2つめのポイントは「パートナー選び」です。このパートナーとは、不動産投資のための収益物件を提案し、販売する不動産会社のことです。投資に特化した不動産会社として「不動産投資会社」と呼ばれることもあります。

「餅は餅屋」の言葉があるように、不動産投資にも不動産投資の専門家がいます。初めて収益物件を買う人は初心者なので、経験豊富な不動産投資会社をパートナーにする必要があります。

不動産投資会社の役割はとても大きく、おもに以下の業務で投資家をサポートします。

・収益物件の選定、提案
・収益物件の販売
・資金計画のサポート
・金融機関の紹介
・物件管理、家賃回収
・収益物件の売却業務

細かい業務を含むと、これよりもさらに多くなるでしょう。平たくいえば、不動産投資の業務全般を担っているといえます。
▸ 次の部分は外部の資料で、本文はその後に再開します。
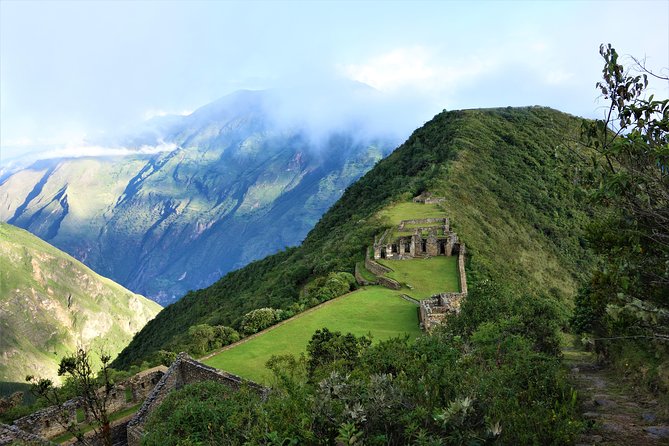 Choquequirao Trek 4 days and 3 nights - Day 3: Sunrise at Choquequirao, downhill then uphill to Chiquiska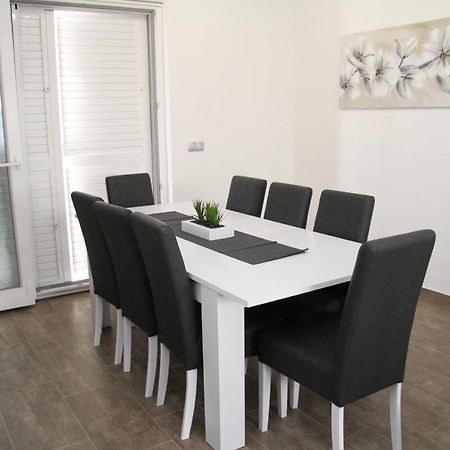 Apartman Ivana Biograd Na Moru Zewnętrze zdjęcie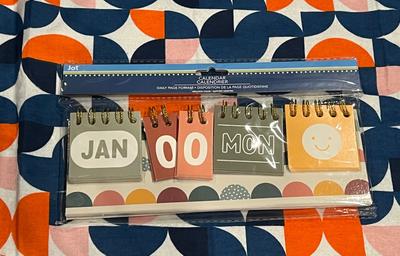 Jot Daily Page Perpetual Desk Calendar with Stand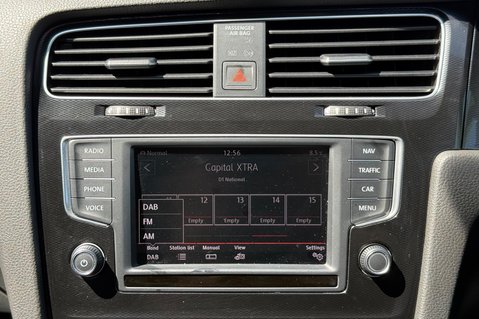Volkswagen Golf GTI LAUNCH DSG - APPLE CAR PLAY - 2 OWNERS - 9 SERVICES RECORDED 37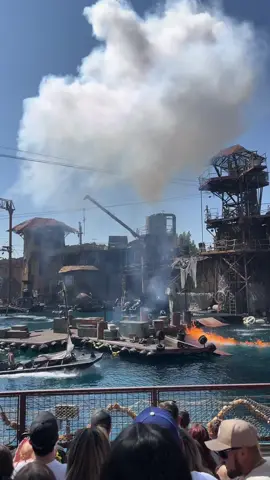 Waterworks at Universal Studios Hollywood never disappoints 🎇 #Hollywood #UniversalStudios #WaterWorld #LosAngeles #Summer #Vacation #FYP #liveshow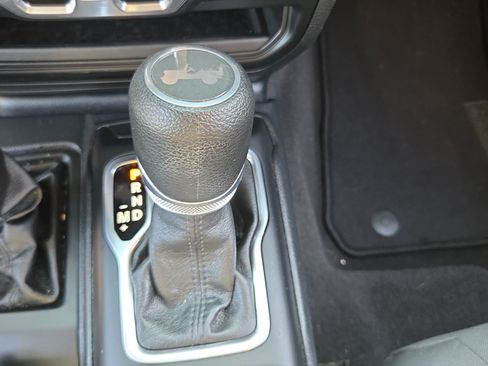 Used 2023 Jeep Wrangler Unlimited Sport AWD/4WD image 23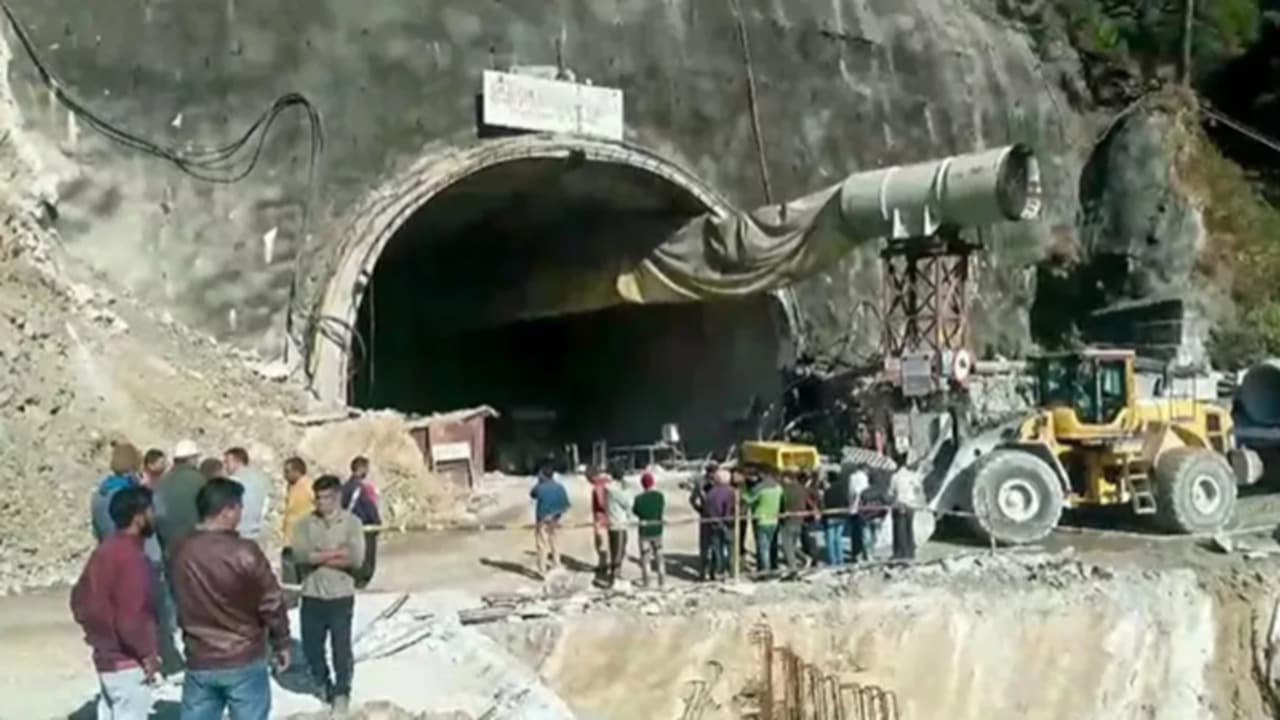 उत्तराखंड के सुरंग में फंसे मजदूरों में चार बिहार के भी शामिल, रेस्क्यू ऑपरेशन जारी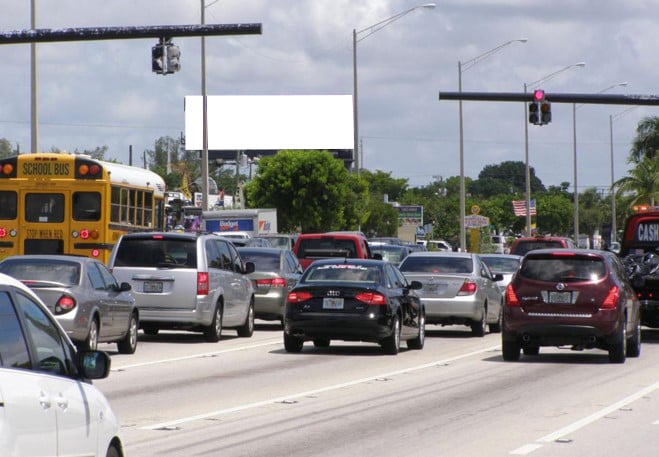 US 441 2640.00 ft N/O I-595 W/S F/S Media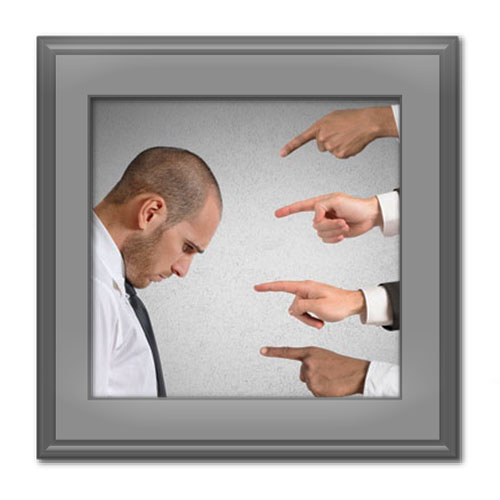 ۳ انشا درباره قضاوت با سبک‌های مختلف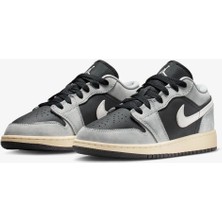 Nike Jordan 1 Low Se Light Smoke Grey Sail Black (Gs)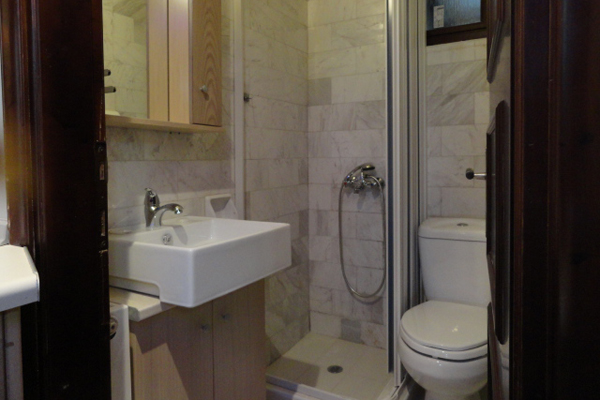 Captains Beach Apartmants - kupatilo.jpg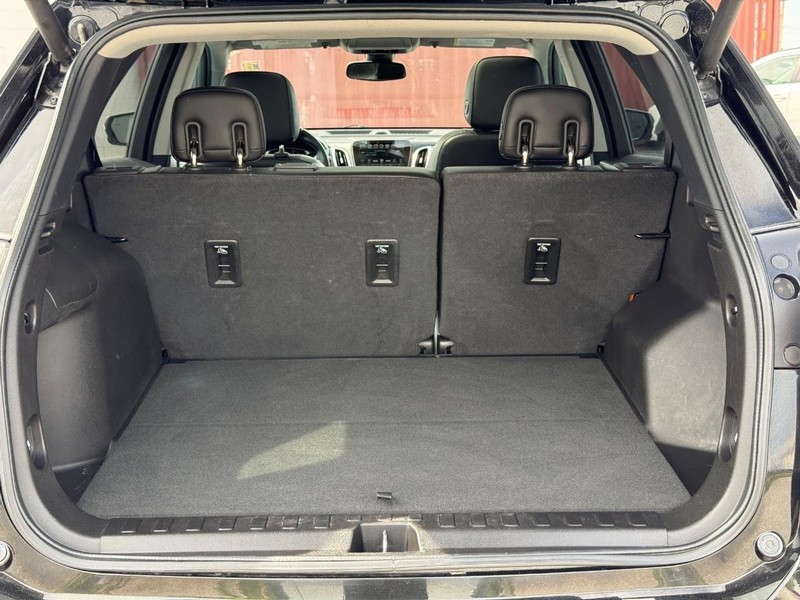 Chevrolet Equinox Vehicle Full-screen Gallery Image 06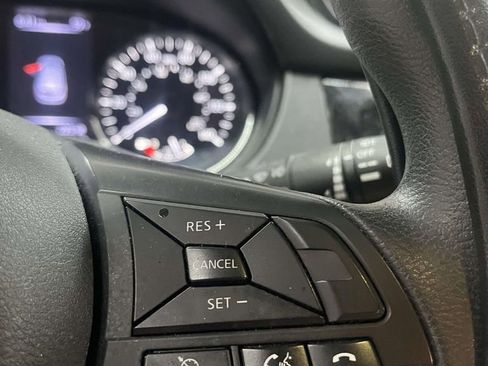 Used 2018 Nissan Rogue Sport S FWD image 19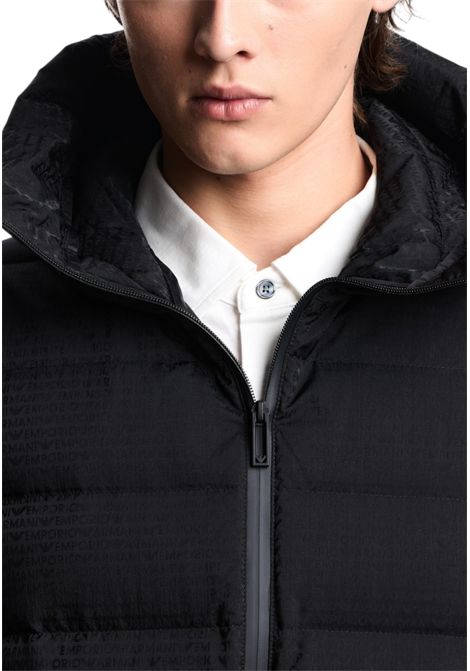 Piumino con cappuccio in nylon trapuntato logo lettering jacquard EMPORIO ARMANI | Giubbotti | EM003043 AF15384UC001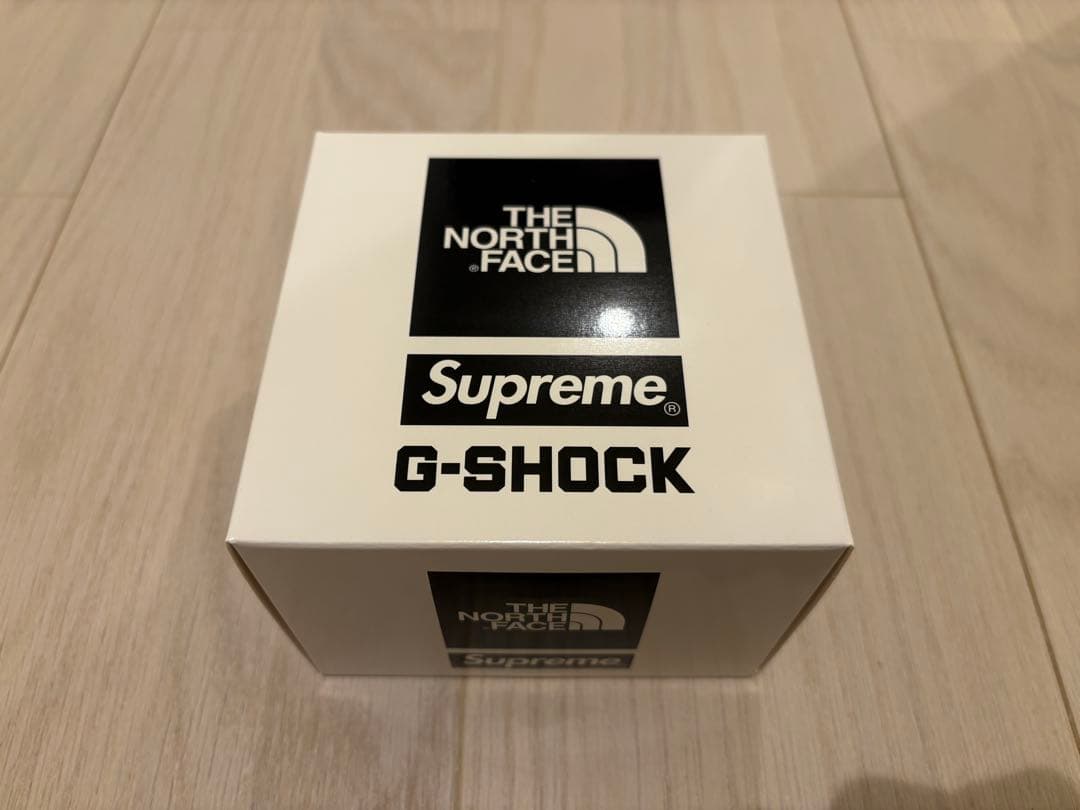 Supreme TNF G-SHOCK DW-6900NS-1JR 新品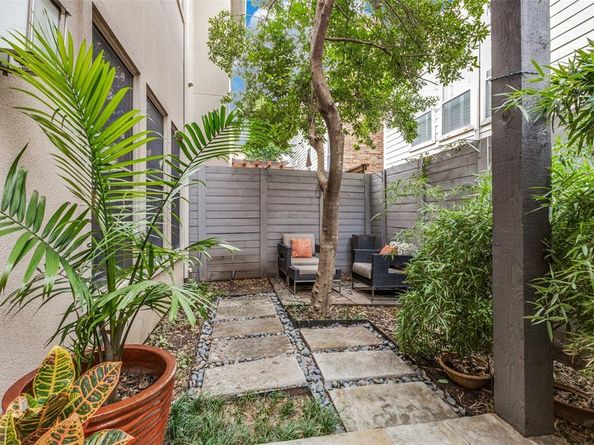 3608  Reagan Street , Dallas Texas 75219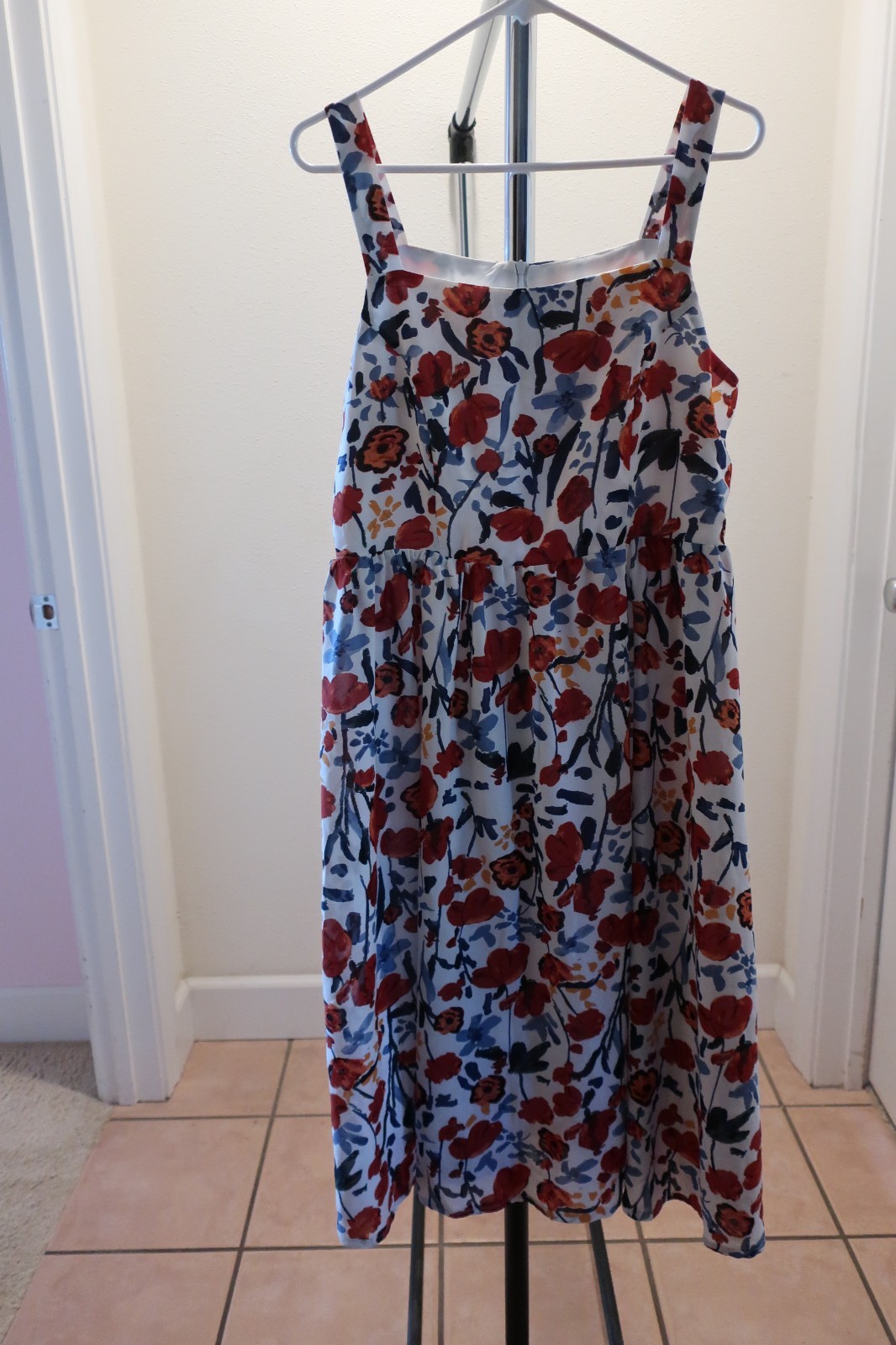 Dazy Red, Orange, and Blue Floral Sleeveless Dress Size Large Fully Lined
逆に投資家は物件を購入して入金の管理をする程度で済むほど、不動産投資は高度な外注化が可能です。

これだけ多くの役割を担うのですから、不動産投資の成否は不動産投資会社選びで決まるといっても過言ではありません。それぞれの投資家の意向や事情に合わせた物件の提案や収支シミュレーションが的確でなければ期待どおりの効果は得られないでしょうし、最悪の場合は赤字続きで物件を手放すような事態もあり得ます。

これから不動産投資を始めたいとお考えの公務員の方々は、この「外注化」と「パートナー選び」をしっかりと意識しつつ取り組んでください。